Contenu éditorial simple : Les tribulations du pont de pierre

Une publication des Archives municipales de Tours, 2009, 35 pages

 

Le 9 avril 1978, à Tours, le pont Wilson s’effondre, progressivement, sur près de la moitié de sa longueur. Plusieurs hypothèses sont avancées : la nature du sol, les frasques de la Loire et ses nombreuses crues, les explosions pendant la Seconde Guerre mondiale, le vieillissement de l'ouvrage, jusqu'à ce que l'on incrimine les affouillements, ces entonnoirs qui se creusent dans le sol à la base des piles sous l'effet des mouvements tourbillonnaires de l'eau.

Ce sinistre, qui a frappé la mémoire tourangelle, ne fut pas le seul subi par cet ouvrage. Dès la fin du XVIIIe siècle, deux accidents consécutifs mettent à mal l’achèvement des travaux de construction : chute d’une voûte en 1776 et affaissement d’une pile en 1777. Puis en 1789, pendant la débâcle des glaces de la Loire, quatre arches s’écroulent. Plus tard, au XXe siècle, lors de la Seconde Guerre mondiale, le pont est à deux reprises partiellement démoli. D’abord le 18 juin 1940 : afin de protéger la ville des troupes allemandes, une arche du pont est dynamitée ; puis, le 22 août 1944, trois arches sont détruites par les Allemands afin d'assurer leur retraite.

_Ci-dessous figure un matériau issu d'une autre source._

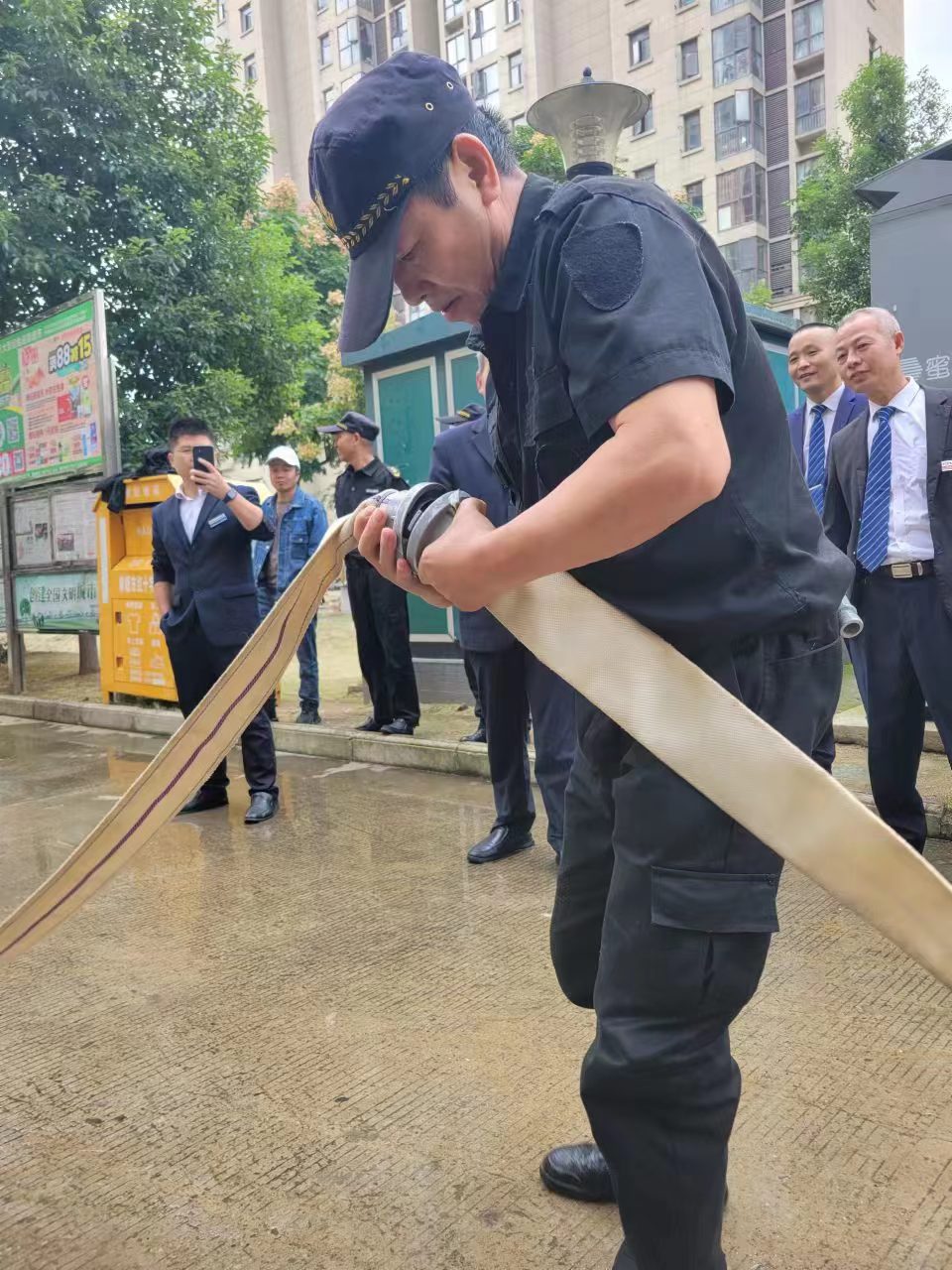 常德物业管理,物业企业,阳光物业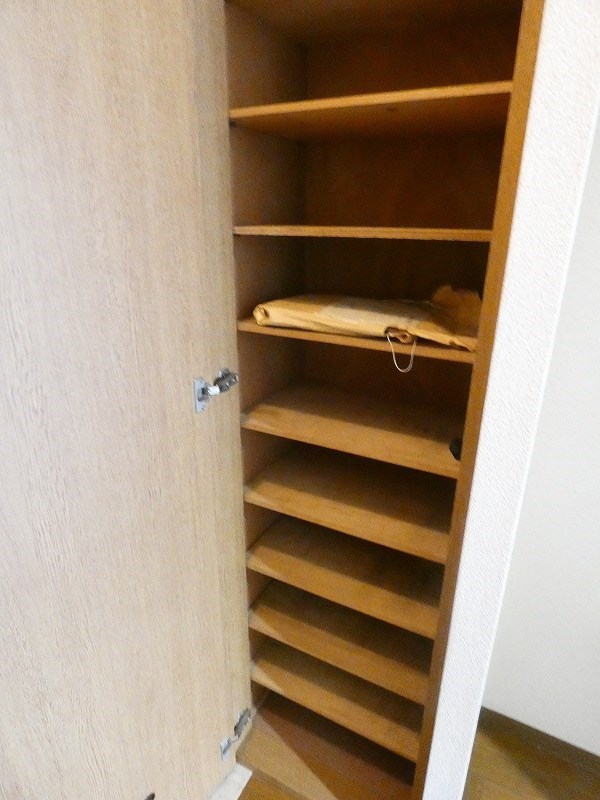 ネオパサージュ その他8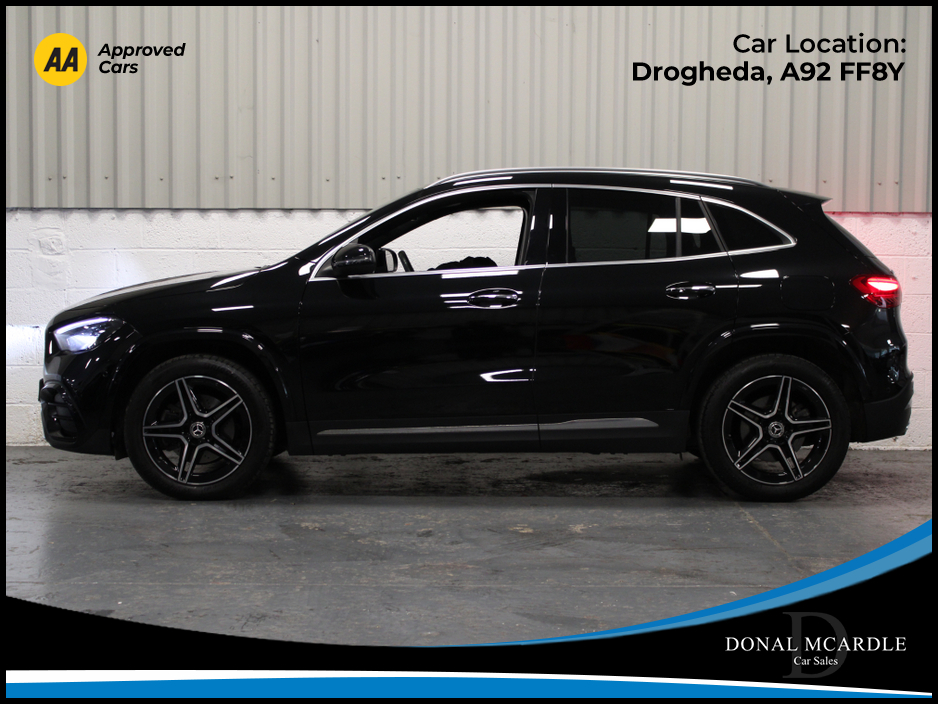 2024 Mercedes-Benz GL Class - image 8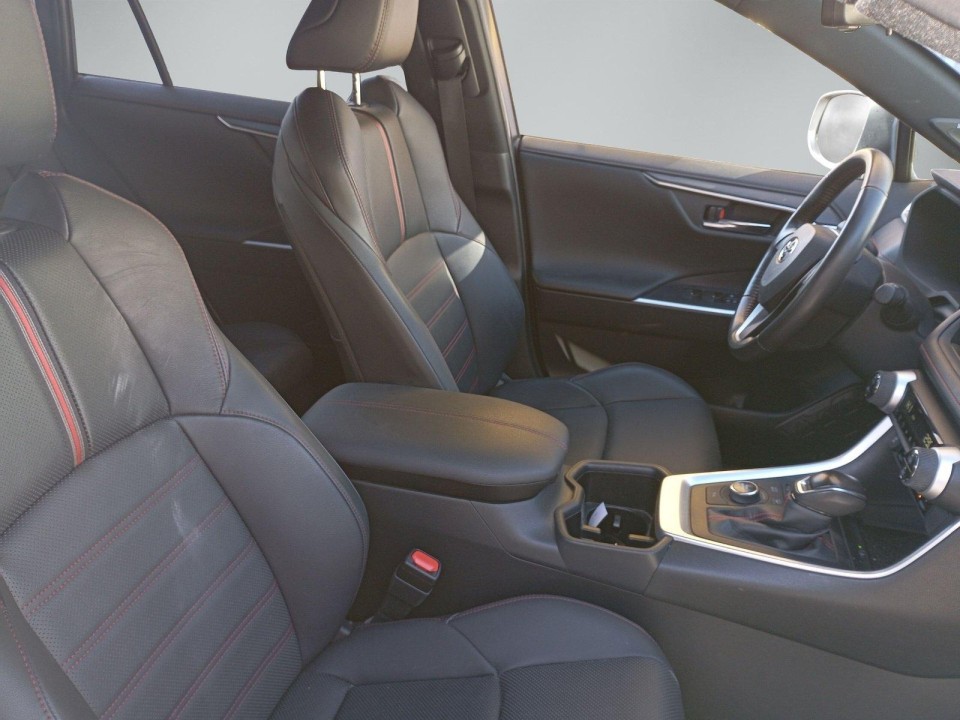 Toyota RAV4 4x4 Style - foto 11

Prolongement de l’exposition qui a été présentée sur ce sujet aux Archives municipales de Tours du 20 septembre au 21 novembre 2008, cette publication retrace l’histoire mouvementée du pont Wilson. Elle met également en lumière la détermination avec laquelle il fut à chaque fois reconstruit, témoignant de rattachement des Tourangeaux à cet ouvrage d’art, l’un des plus emblématiques de la ville.